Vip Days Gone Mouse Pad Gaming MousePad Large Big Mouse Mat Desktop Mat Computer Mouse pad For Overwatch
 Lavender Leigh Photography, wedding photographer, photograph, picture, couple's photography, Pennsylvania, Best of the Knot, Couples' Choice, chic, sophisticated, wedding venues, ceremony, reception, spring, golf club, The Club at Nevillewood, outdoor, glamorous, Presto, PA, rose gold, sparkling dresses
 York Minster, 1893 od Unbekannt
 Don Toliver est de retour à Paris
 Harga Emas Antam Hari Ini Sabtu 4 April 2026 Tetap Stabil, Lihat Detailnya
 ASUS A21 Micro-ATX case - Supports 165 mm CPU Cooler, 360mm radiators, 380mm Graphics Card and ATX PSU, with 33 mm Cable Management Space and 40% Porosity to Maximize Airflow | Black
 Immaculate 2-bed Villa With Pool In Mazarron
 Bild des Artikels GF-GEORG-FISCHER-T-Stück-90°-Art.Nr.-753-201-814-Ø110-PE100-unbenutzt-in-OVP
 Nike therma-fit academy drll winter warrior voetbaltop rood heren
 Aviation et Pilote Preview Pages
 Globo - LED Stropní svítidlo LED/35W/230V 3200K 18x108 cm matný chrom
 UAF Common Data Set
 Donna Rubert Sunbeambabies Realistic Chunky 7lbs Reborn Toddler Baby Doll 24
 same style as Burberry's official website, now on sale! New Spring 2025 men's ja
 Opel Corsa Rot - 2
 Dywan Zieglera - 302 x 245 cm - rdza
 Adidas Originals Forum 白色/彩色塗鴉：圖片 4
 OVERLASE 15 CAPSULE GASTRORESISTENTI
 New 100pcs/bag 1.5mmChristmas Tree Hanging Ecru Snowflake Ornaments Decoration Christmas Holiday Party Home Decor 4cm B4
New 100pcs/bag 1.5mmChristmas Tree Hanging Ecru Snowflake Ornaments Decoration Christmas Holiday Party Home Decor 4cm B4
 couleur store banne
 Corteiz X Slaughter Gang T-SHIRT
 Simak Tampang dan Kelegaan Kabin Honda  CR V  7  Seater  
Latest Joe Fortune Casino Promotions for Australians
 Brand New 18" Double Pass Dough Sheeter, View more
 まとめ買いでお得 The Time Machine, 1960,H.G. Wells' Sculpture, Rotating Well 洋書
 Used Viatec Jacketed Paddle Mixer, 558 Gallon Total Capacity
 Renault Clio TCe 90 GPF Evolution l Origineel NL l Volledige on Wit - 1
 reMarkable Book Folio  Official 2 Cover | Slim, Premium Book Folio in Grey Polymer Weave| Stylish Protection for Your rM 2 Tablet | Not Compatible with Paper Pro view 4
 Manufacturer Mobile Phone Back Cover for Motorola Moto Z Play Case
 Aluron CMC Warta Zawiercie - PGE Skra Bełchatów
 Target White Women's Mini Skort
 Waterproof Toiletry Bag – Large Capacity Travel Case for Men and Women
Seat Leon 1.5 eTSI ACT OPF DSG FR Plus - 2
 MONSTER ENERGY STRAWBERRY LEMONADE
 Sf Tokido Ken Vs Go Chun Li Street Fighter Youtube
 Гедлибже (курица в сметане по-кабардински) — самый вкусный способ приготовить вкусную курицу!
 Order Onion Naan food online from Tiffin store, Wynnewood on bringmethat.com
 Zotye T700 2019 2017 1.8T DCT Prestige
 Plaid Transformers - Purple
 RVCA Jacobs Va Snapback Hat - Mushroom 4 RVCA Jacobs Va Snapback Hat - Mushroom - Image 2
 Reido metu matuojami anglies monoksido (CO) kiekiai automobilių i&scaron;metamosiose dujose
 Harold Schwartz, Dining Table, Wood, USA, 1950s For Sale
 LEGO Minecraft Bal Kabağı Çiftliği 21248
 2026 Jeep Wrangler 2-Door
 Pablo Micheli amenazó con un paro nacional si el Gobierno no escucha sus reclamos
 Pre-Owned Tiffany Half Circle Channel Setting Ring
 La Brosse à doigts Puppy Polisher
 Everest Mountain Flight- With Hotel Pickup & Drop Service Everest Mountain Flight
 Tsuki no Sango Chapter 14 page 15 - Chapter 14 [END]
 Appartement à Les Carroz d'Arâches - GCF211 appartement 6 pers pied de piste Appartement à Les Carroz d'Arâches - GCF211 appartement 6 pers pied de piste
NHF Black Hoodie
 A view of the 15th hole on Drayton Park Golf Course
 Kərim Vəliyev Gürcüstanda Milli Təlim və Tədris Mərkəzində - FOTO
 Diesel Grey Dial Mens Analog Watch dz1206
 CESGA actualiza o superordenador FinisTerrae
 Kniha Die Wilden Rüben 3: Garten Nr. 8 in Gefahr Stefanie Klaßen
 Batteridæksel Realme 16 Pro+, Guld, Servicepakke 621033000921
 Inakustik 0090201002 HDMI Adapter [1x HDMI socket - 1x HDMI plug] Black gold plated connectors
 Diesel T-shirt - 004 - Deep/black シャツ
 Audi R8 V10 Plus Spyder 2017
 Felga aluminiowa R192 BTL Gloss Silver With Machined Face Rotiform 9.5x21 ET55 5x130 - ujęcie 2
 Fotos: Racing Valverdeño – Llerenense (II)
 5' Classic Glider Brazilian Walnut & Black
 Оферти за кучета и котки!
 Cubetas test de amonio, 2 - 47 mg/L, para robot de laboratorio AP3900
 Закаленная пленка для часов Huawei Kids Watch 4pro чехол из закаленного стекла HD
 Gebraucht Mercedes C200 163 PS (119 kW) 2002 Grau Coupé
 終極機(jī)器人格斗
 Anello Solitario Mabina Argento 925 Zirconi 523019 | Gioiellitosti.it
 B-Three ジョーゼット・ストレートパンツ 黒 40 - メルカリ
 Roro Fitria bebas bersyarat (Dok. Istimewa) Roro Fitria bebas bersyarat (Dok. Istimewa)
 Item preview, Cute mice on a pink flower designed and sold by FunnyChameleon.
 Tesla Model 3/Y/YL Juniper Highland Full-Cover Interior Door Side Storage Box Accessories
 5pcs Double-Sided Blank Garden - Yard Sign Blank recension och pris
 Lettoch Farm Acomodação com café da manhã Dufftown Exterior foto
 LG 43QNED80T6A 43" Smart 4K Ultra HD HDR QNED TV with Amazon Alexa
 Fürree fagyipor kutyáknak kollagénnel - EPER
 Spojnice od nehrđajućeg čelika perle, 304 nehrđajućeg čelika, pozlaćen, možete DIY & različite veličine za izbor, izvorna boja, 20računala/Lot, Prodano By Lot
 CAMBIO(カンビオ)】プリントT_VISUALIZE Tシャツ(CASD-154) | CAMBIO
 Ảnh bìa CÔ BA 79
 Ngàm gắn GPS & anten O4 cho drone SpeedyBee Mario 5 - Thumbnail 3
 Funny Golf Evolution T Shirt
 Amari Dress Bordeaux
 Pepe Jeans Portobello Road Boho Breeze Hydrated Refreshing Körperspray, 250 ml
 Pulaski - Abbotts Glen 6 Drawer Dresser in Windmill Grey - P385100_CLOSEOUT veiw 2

━━━━━━━━

Exercise details
Give again exactly, and only, the lines above starting at the one with "OVERLASE 15 CAPSULE GASTRORESISTENTI" and ending at the one with "Used Viatec Jacketed".

Your response
 OVERLASE 15 CAPSULE GASTRORESISTENTI
 New 100pcs/bag 1.5mmChristmas Tree Hanging Ecru Snowflake Ornaments Decoration Christmas Holiday Party Home Decor 4cm B4
New 100pcs/bag 1.5mmChristmas Tree Hanging Ecru Snowflake Ornaments Decoration Christmas Holiday Party Home Decor 4cm B4
 couleur store banne
 Corteiz X Slaughter Gang T-SHIRT
 Simak Tampang dan Kelegaan Kabin Honda  CR V  7  Seater  
Latest Joe Fortune Casino Promotions for Australians
 Brand New 18" Double Pass Dough Sheeter, View more
 まとめ買いでお得 The Time Machine, 1960,H.G. Wells' Sculpture, Rotating Well 洋書
 Used Viatec Jacketed Paddle Mixer, 558 Gallon Total Capacity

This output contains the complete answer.